Start of Source material
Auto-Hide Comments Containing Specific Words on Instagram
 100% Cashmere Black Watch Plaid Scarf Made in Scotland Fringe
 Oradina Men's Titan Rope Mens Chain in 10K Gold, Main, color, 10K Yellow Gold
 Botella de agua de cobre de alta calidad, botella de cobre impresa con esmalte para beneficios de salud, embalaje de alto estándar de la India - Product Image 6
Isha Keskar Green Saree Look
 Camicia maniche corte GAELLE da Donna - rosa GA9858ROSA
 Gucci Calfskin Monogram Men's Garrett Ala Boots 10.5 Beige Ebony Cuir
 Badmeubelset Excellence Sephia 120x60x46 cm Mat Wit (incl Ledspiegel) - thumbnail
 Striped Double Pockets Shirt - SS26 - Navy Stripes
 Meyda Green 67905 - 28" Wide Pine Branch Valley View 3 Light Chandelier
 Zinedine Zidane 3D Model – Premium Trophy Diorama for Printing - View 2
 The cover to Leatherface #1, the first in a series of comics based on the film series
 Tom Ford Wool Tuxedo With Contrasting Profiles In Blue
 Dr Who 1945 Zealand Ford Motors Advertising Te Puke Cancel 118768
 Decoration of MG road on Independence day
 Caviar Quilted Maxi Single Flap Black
End of Source material
A verbatim copy of all the records is to be produced.

Auto-Hide Comments Containing Specific Words on Instagram
 100% Cashmere Black Watch Plaid Scarf Made in Scotland Fringe
 Oradina Men's Titan Rope Mens Chain in 10K Gold, Main, color, 10K Yellow Gold
 Botella de agua de cobre de alta calidad, botella de cobre impresa con esmalte para beneficios de salud, embalaje de alto estándar de la India - Product Image 6
Isha Keskar Green Saree Look
 Camicia maniche corte GAELLE da Donna - rosa GA9858ROSA
 Gucci Calfskin Monogram Men's Garrett Ala Boots 10.5 Beige Ebony Cuir
 Badmeubelset Excellence Sephia 120x60x46 cm Mat Wit (incl Ledspiegel) - thumbnail
 Striped Double Pockets Shirt - SS26 - Navy Stripes
 Meyda Green 67905 - 28" Wide Pine Branch Valley View 3 Light Chandelier
 Zinedine Zidane 3D Model – Premium Trophy Diorama for Printing - View 2
 The cover to Leatherface #1, the first in a series of comics based on the film series
 Tom Ford Wool Tuxedo With Contrasting Profiles In Blue
 Dr Who 1945 Zealand Ford Motors Advertising Te Puke Cancel 118768
 Decoration of MG road on Independence day
 Caviar Quilted Maxi Single Flap Black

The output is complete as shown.